Алла Андреева - Плаванье к Небесному Кремлю
— Пришел начальник. Он ему рассказал про Вас, а начальник в ответ: «Она совершенно права, знает, чего требует».
Так я получила московский паспорт, выданный на основании справки о реабилитации. А поскольку он выдавался уже вторым, то был совершенно чистым, полученным на основании мордовского трехъязычного.
Потом начались хлопоты о пересмотре дела Даниила, потому что надо же было добиваться его реабилитации. Жена Виктора Шкловского Серафима Густавовна посоветовала мне написать заявление о пересмотре дела сына Леонида Андреева и дать на подпись людям с именами. Она же составила текст этого заявления. Шкловский подписал его первым. Подписали К.Чуковский, П.Антокольский, К.Федин, И.Новиков, Т.Хренников (в этом помог мне брат-музыкант). Подписала А.Яблочкина. Я пришла на заседание ВТО и показала ей заявление. Объяснить я ничего не могла: Яблочкина была глуха. Она расплакалась, сказала: «Бедный молодой человек!» — и подписала. «Молодому человеку» было уже пятьдесят. Подписал К.СИМОНОБ, сразу спросивший о самом главном: «А роман цел?».

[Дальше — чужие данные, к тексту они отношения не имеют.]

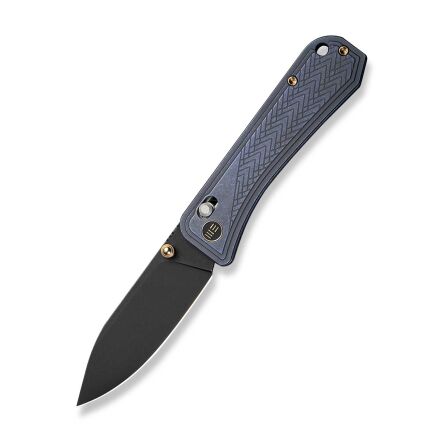 Nóż WE Knife Bougie Banter S45VN Blue 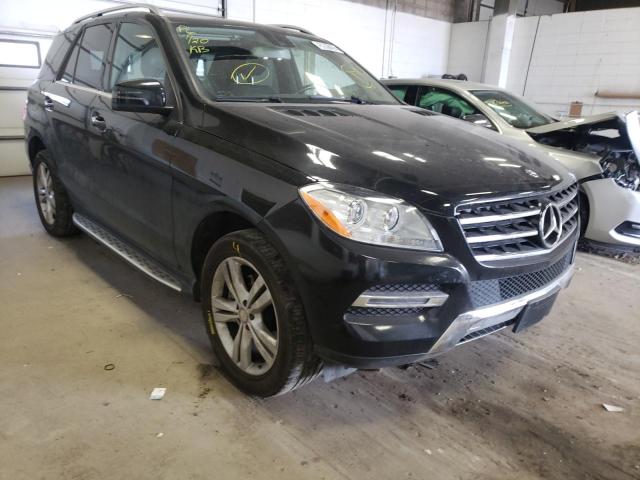 MERCEDES-BENZ ML 350 4MA 2015 4jgda5hb0fa450957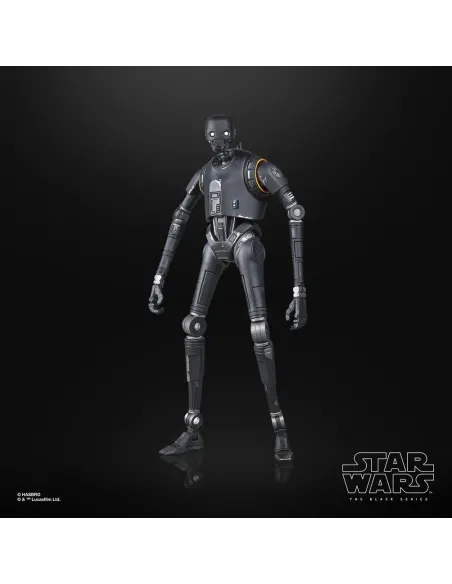 Star Wars The Black Series K-2SO (Kay-Tuesso)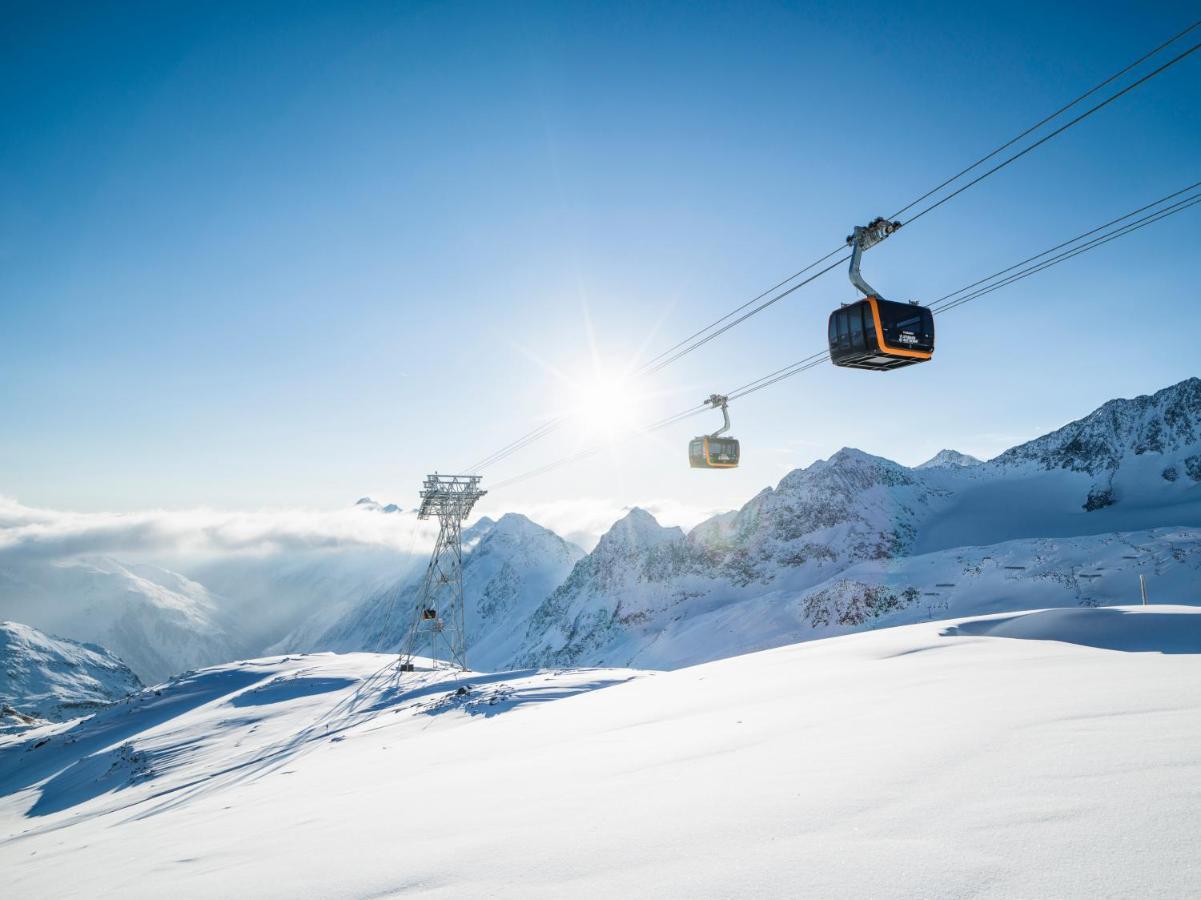 Hotel Sonnhof Neustift im Stubaital Luaran gambar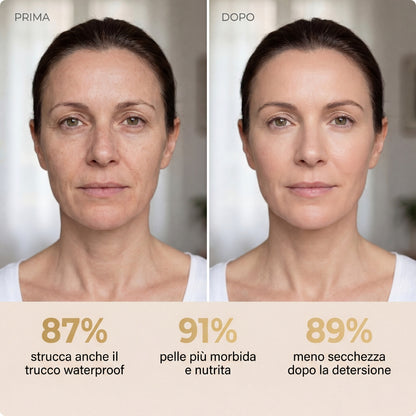 Olio Struccante al Collagene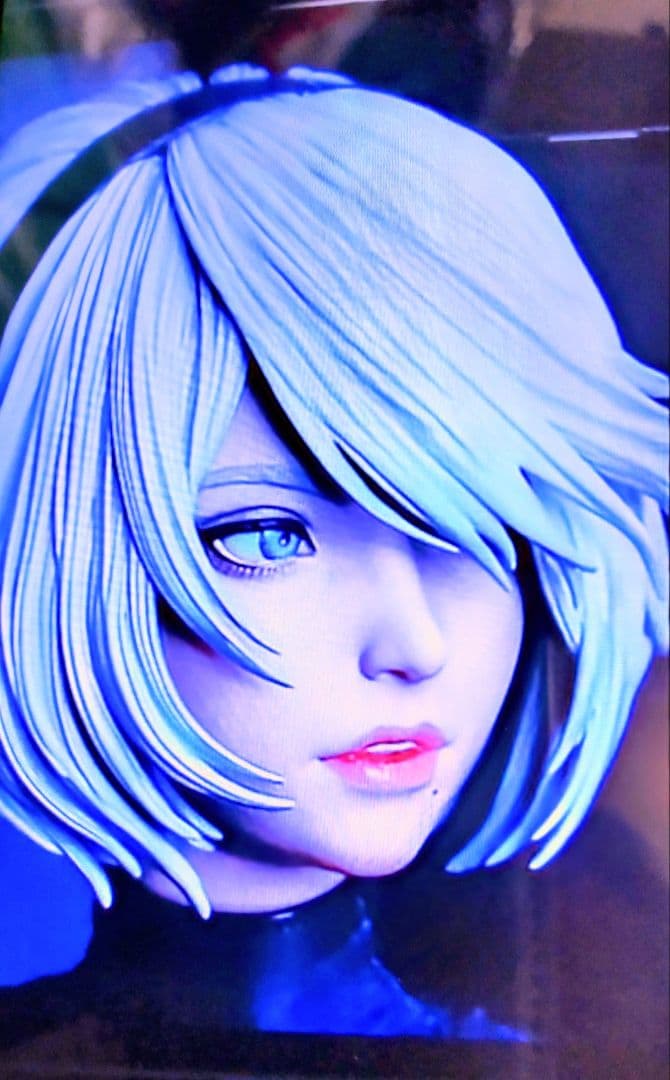 希少品★新品未開封品★ニーアオートマタ　 1/3スケール 2B DX版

Когда я от него выходила, навстречу мне по коридору шел человек в рубашке, куртке и резиновых тапочках. В таком виде по Москве ходили только люди «оттуда». Он оказался журналистом, мы с ним на какое-то время подружились по причине полной несовместимости с «вольными». Нередко мы сидели вместе, разговаривали о лагере и вспоминали: «А забор? А каптерка? А КВЧ? А кино?..». Мы понимали друг друга с полуслова. Он столкнулся с тем же, что и все вернувшиеся из заключения. Неправда, что эти десять лет в лагере полностью выхвачены из жизни, потеряны, украдены. Это были очень насыщенные, богатые годы, которые многое дали. Душевный опыт, полученный в лагере, ничем не заменить. Но трагедии, в которые вернулись люди из лагерей, неисчислимы.
Знала я двух подруг, русскую и литовку. Обе они, освободившись, поехали в Литву как две сестры. От русской я потом получила такое письмо: «Милая Аллочка, я дома на станции Дно. Я была в Литве с Леночкой. Я там не нужна никому». Родственники прибалтиек делали все, чтобы они поскорее забыли «проклятых русских». От Леночки из Литвы я тоже получила письмо: «Милая Аллочка! Я дома. Балы каждый день. Все приглашают в гости. Как мне тяжело, как мне трудно, как мне плохо!». И все письма были пронизаны такой тоской — не по лагерю, конечно, а по той нашей душевной близости.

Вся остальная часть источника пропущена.